Rather than leaving unanswered how Thai cartoonists could have been exposed to such a wide world of comics, Verstappen describes several of the ways that these encounters happened. For example, as a boy in the 1920s, Prayoon Chanyawongse (“The King of Thai Cartoons”) would spend his lunch money at Bangkok’s historic Nang Loeng market on the old newspapers that the stall-keepers there used to wrap their merchandise so he could study the foreign comic strips. During the Korean War, Thai soldiers picked up American comic books from the Americans there and brought some home with them, and the massive Cold War presence of American soldiers in Thailand helped to support regular imports of American comics. Most important of all, a flood of cheap, pirated, manga in the late 1980s practically wiped out the Thai comics industry (already crippled by competition from television) and erased a younger generation’s awareness of earlier local productions.

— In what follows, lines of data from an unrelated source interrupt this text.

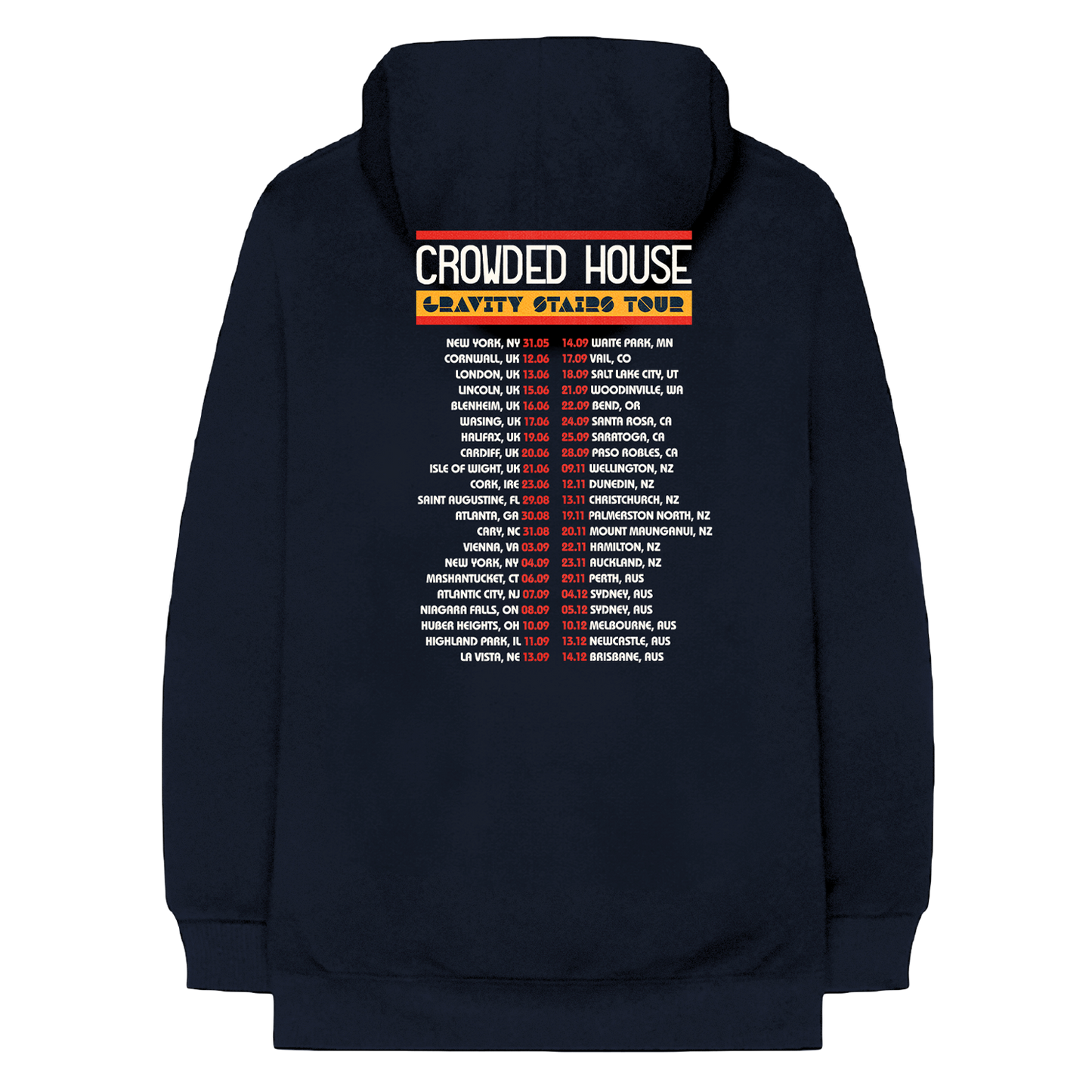 Crowded House Tour Hoodie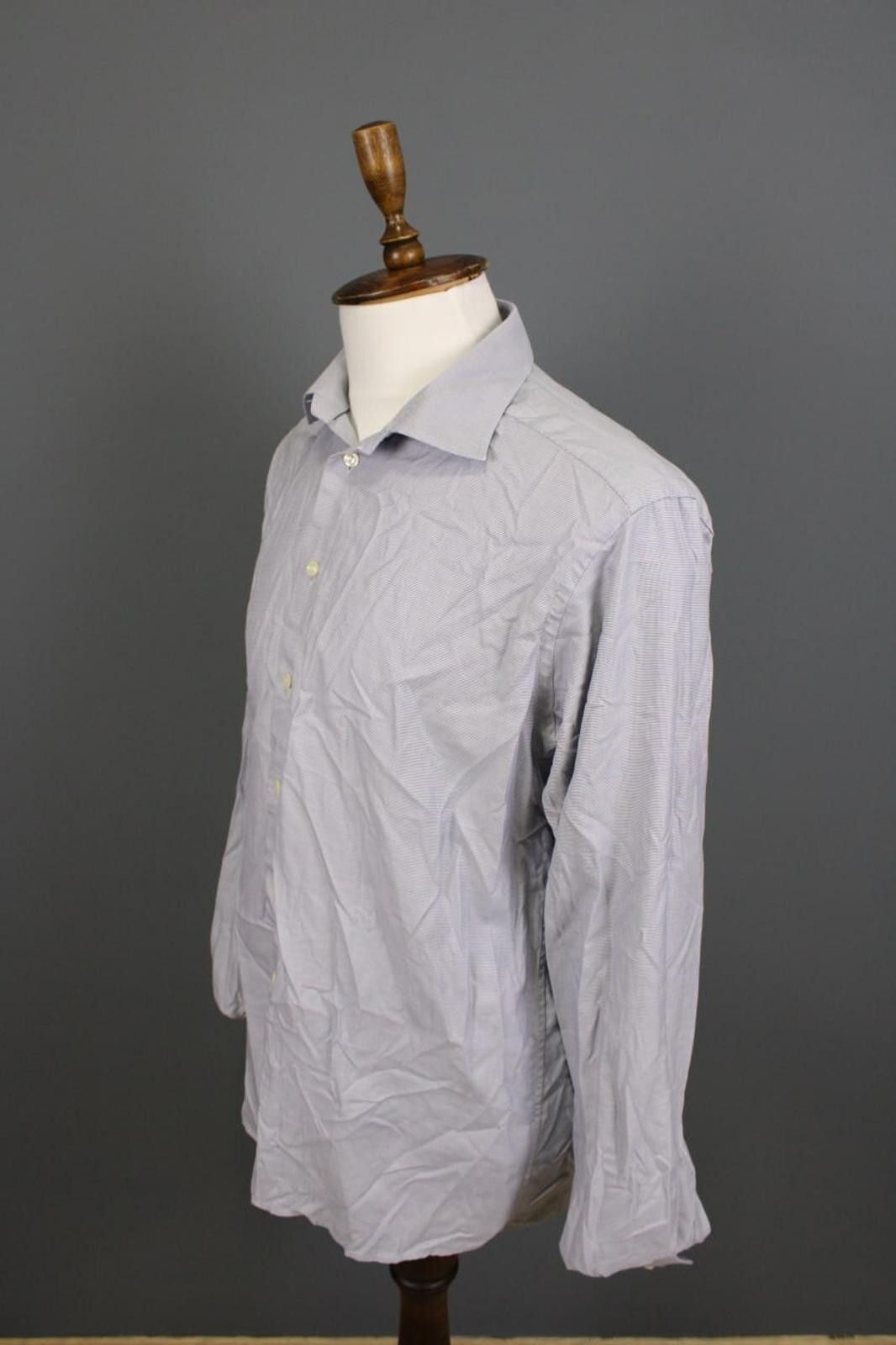 Eton Eton Slim Fit Blue Luxury Dress Shirt Size 43 / 17 / XL Size US M / EU 48-50 / 2 - 4 Thumbnail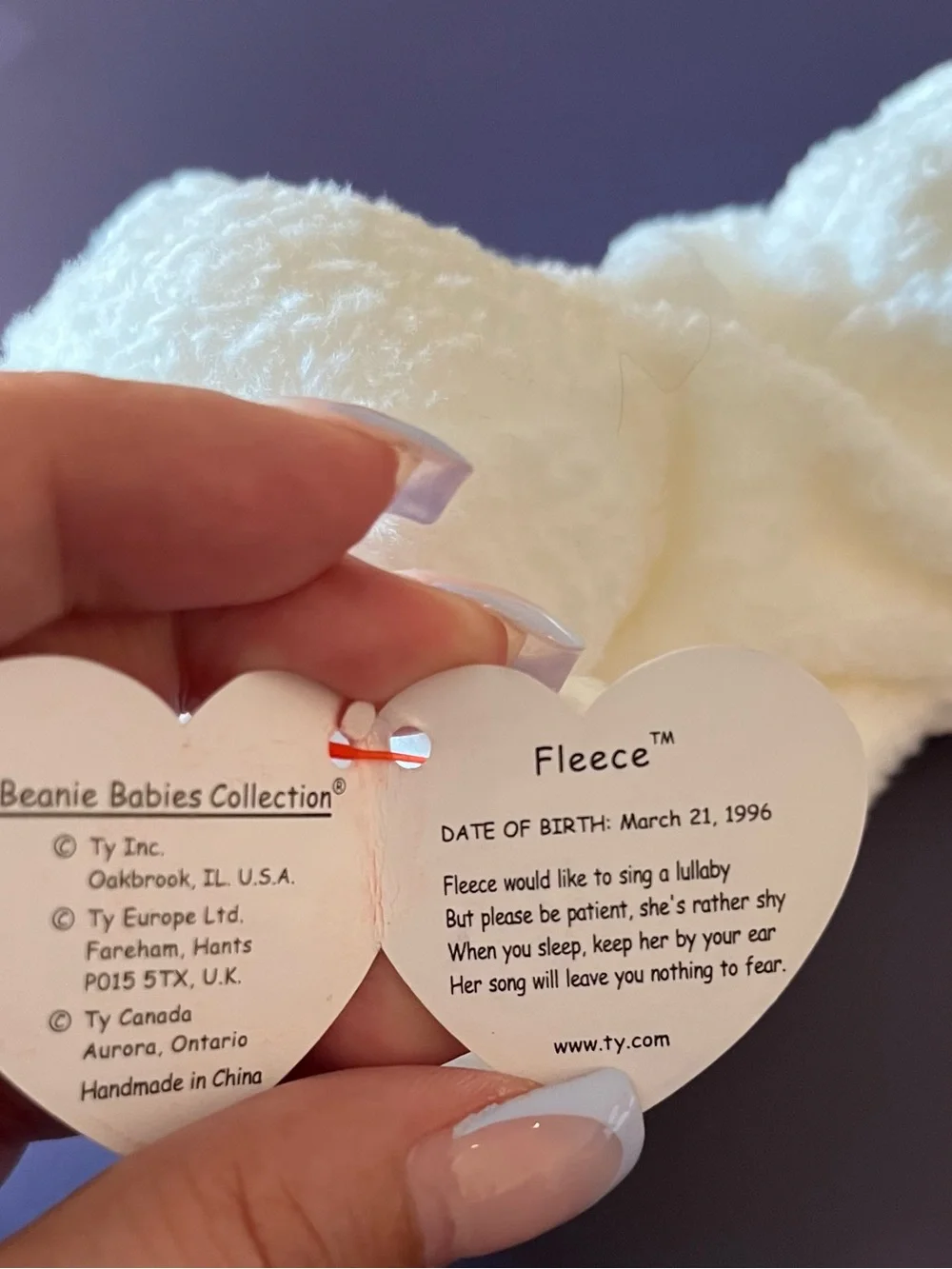 Fleece the Lamb Beanie Baby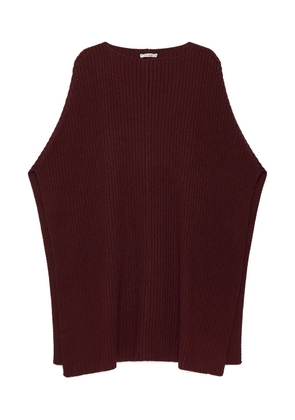 MALIPARMI ribbed scarf - Red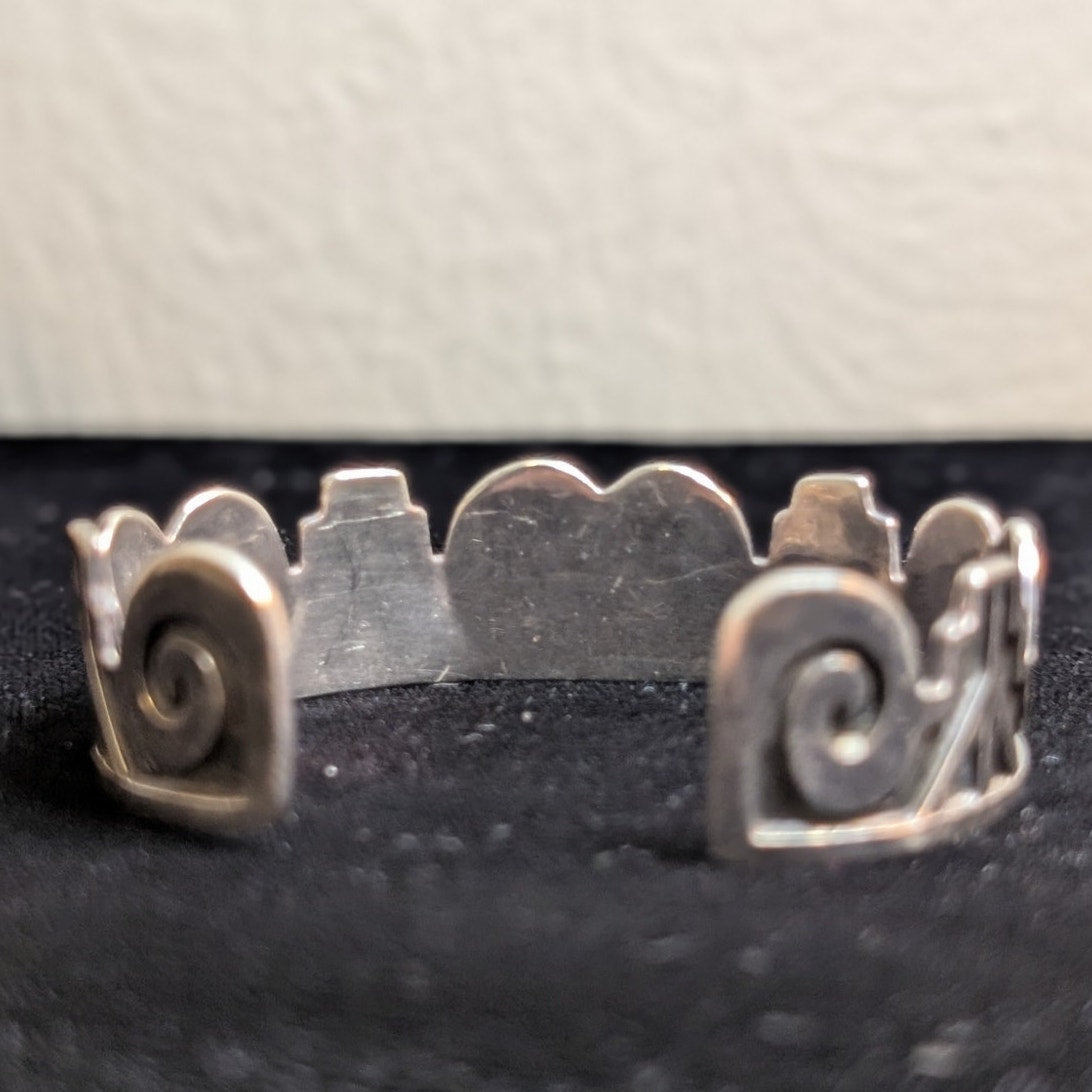 Vintage Hopi Taxco TS-95 Sterling Silver 7" Cuff  Bracelet 33.5g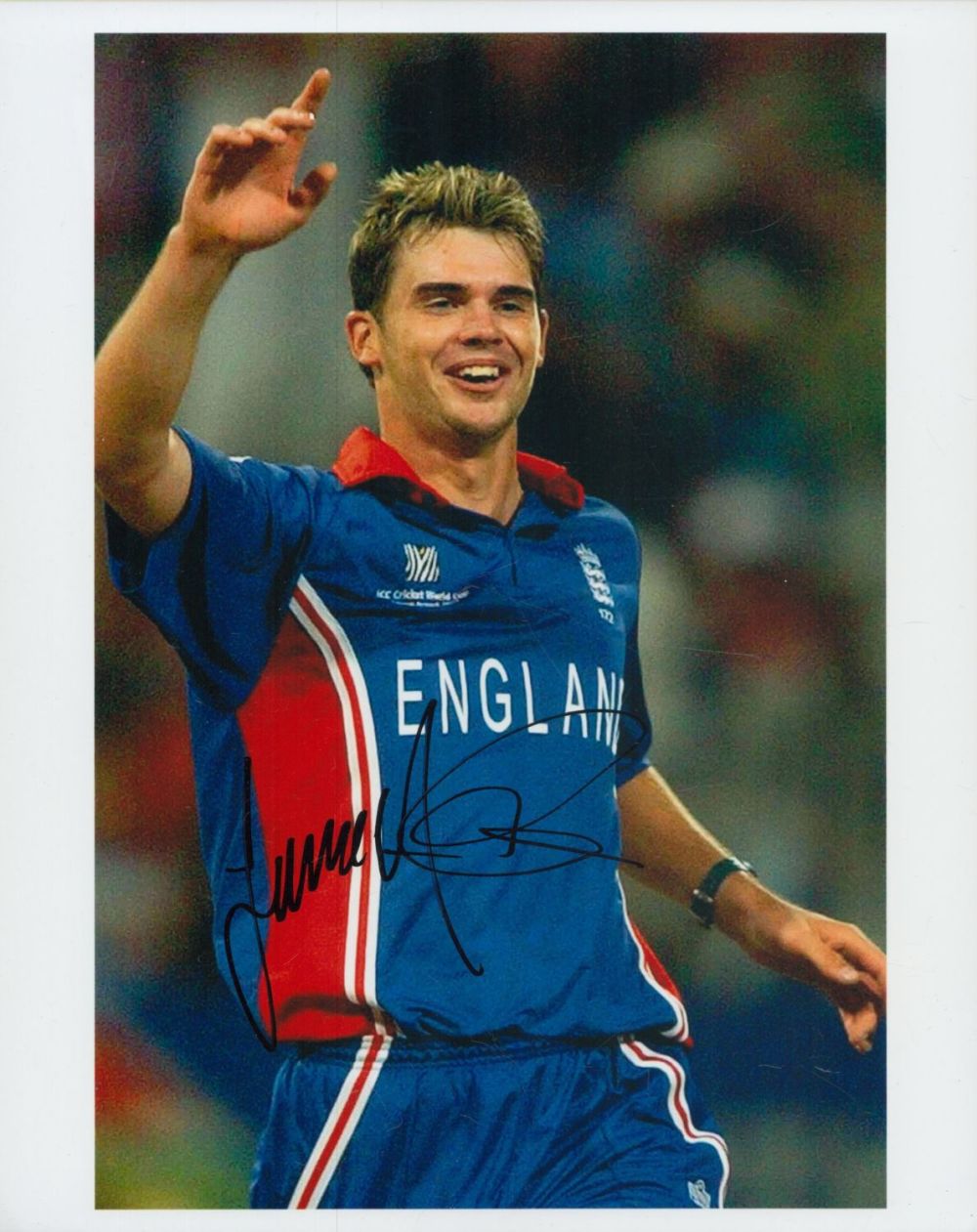 Lot 232: Cricket James Anderson signed 10x8 inch colour photo...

In addition to this inflow of cultural inspiration, Verstappen also pays attention to the history of Thai cartoonists’ successes abroad. In 1960, Prayoon Chanyawongse won first prize in the International Cartoon for Peace competition in New York City, with an editorial cartoon “The Last Nuclear Test,” which showed an atomic explosion destroying the earth. A Thai comic was republished in France in 2007. Another Thai comic told a story that was adapted as an American film. The strongest international connections, though, appear to be with Japan, where some Thai cartoonists have been published and won prizes. Wisut Ponniminit, already a popular success in Japan and Thailand, had his book HimHerThat republished in New York in 2013.
The Thai comics with the largest circulations have included anti-communist propaganda comics sponsored by the USIS, a U.S. government agency; the cheap, mass-produced Katun Lem La Bhat genre of escapist comics in the 1970s; cartoon humor magazines KaiHuaRor and MahaSanook; and The Story of Mahâjanaka, a comic book commissioned by Thailand’s late King Bhumibol, which sold two million copies when first released in black and white in 1999. An influential cartoon pamphlet published by students in 1973, Banthuek Lap Chak Thungyai, about an animal poaching scandal, created a sensation, selling 100,000 copies in two weeks. That comic added fuel to a movement that overthrew the Thai military dictatorship in 1974, inaugurating “an exhilarating period of creative and democratic freedom,” which was cut short in 1976 by another bloody military coup.
The small-scale, do-it-yourself comics (called dōjinshi, using the Japanese word), that first attracted Verstappen to Thai comics have sometimes reached circulations in the thousands but now are usually published in runs of only 30-50 copies. The cartoonists sell these works at special-purpose fairs, apparently comparable to Seattle’s annual Short Run zine festival.
The book includes beautifully done wordless comic metamorphoses, drawn by the book’s designer, Peeraphat Kittisuwat, to summarize each chapter; a bibliography; chapter notes; and an index. It could have also used a chronology to help the unfamiliar reader better understand this history of Thai comics in relation to Thailand’s coup-riddled political history.
Unlike Fred Schodt’s epochal book Manga! Manga!, which introduced English-speaking readers to the world of Japanese comics in 1982, Verstappen has not provided a section with translations of a few sample works. Consequently, the reader gains a wide overview of the visuals of Thai comics, but little sense of the quality of their writing. This suggests an obvious project for a sequel: a translated anthology of Thai comics!